Deep Desulfurization by the Adsorption Process of Fluidized Catalytic Cracking (FCC) Diesel over Mesoporous Al−MCM-41 Materials

Abstract

Al−MCM-41 adsorbents with different SiO2/Al2O3 molar ratios (100, 50, and 30) were synthesized and used for desulfurization of a commercial diesel fuel (sulfur content = 1786 ppmw) at 373 K. The adsorbents were characterized by means of X-ray diffraction, N2 adsorption isotherm, Fourier transform infrared, and high-resolution transmission electron microscopy techniques. The adsorption capacity for sulfur-containing compounds was found to follow the order: Al−MCM-41(50) > Al−MCM-41(30) > Al−MCM-41(100) (the number in parentheses is the SiO2/Al2O3 ratio hereafter).
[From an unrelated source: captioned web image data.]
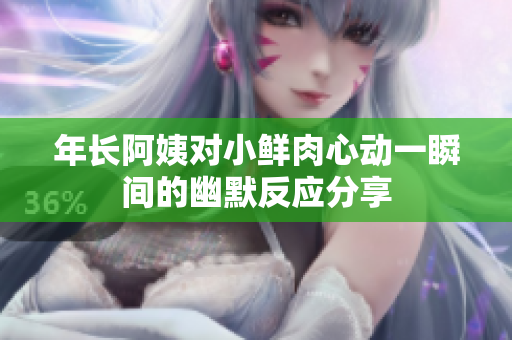 年长阿姨对小鲜肉心动一瞬间的幽默反应分享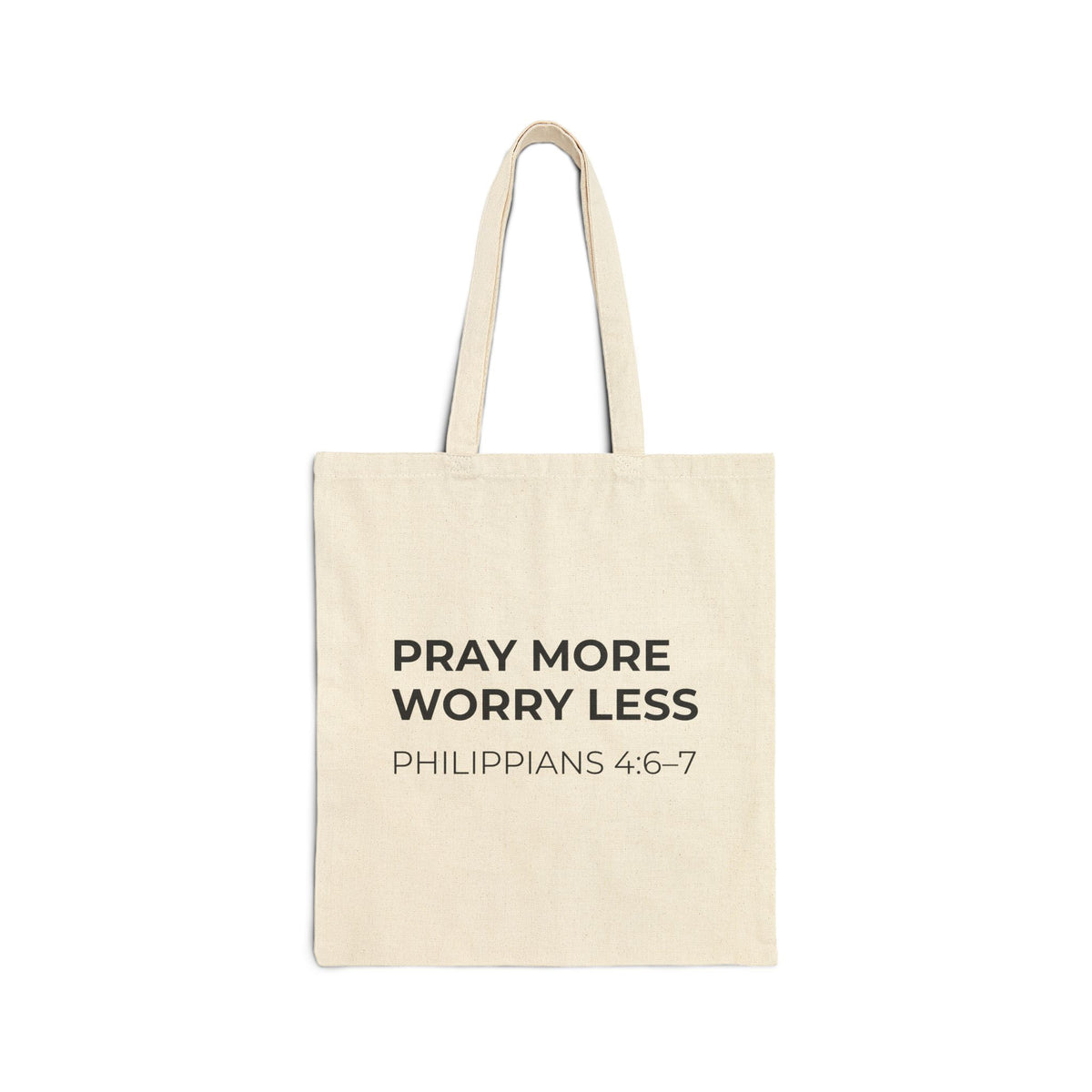 Pray More Worry Less Christian Tote Bag | Philippians 4:6–7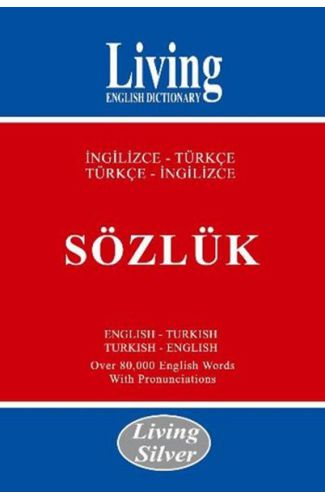 Living Silver İngilizce-Türkçe Türkçe-İngilizce Sözlük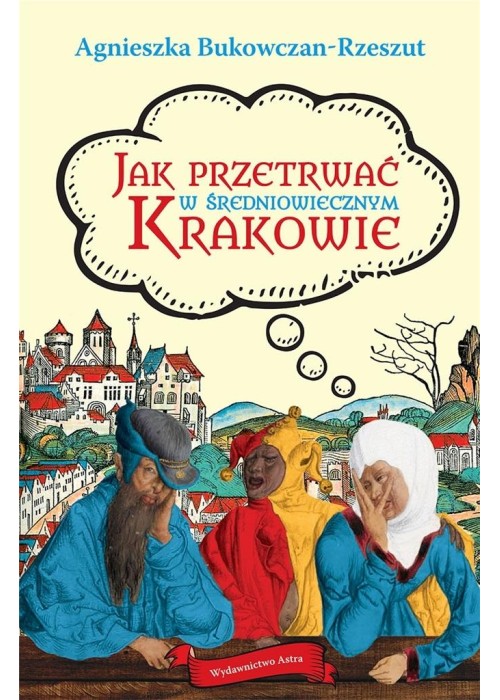 Jak przetrwać w średniowiecznym Krakowie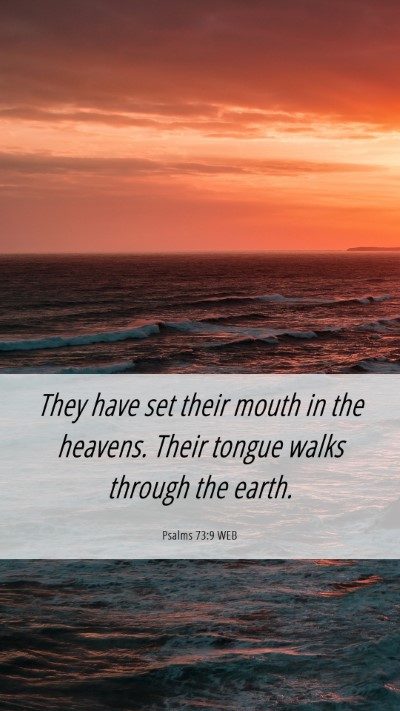 Picture 06 - Psalms 73:9 WEB Mobile Phone Wallpaper - They have set their mouth in the heavens. Their - Mobile Bible Verse Wallpaper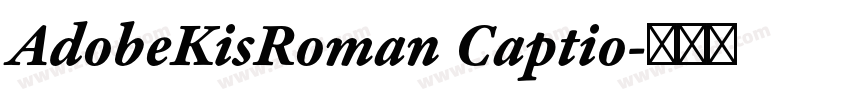AdobeKisRoman Captio字体转换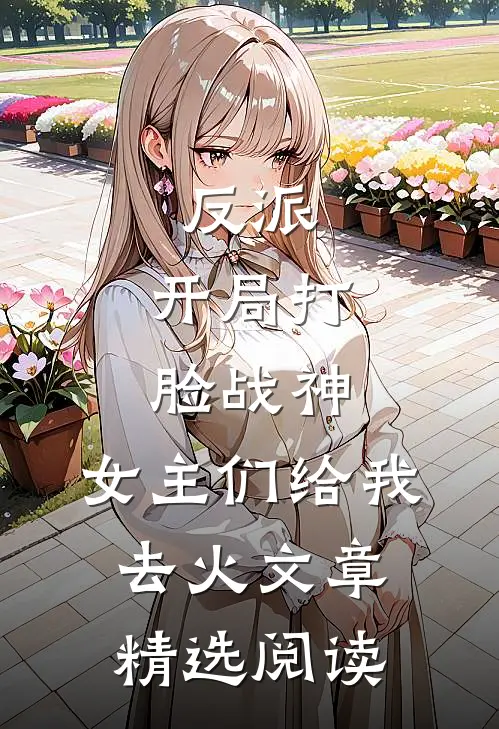 反派：开局打脸战神，女主们给我去火文章精选阅读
The efficiency of sulfur removal is 95% over Al−MCM-41(50) at the initial state and still above 75% after a cumulative effluent volume of 17 mL. The effect of the adsorption temperature on the adsorption capacity of Al−MCM-41(100) was investigated. The results indicate that high temperature is disadvantageous for desulfurization. After the regeneration of a spent Al−MCM-41(100) sample (calcined at 823 K for 6 h), there is good recovery of the adsorption capacity. In addition, with the presence of Cu+ ions in Al−MCM-41, there is enhancement in the adsorption capacity and sulfur removal efficiency at 373 K and the effect can be related to the formation of π complexation between sulfur-containing compounds and Cu+ ions.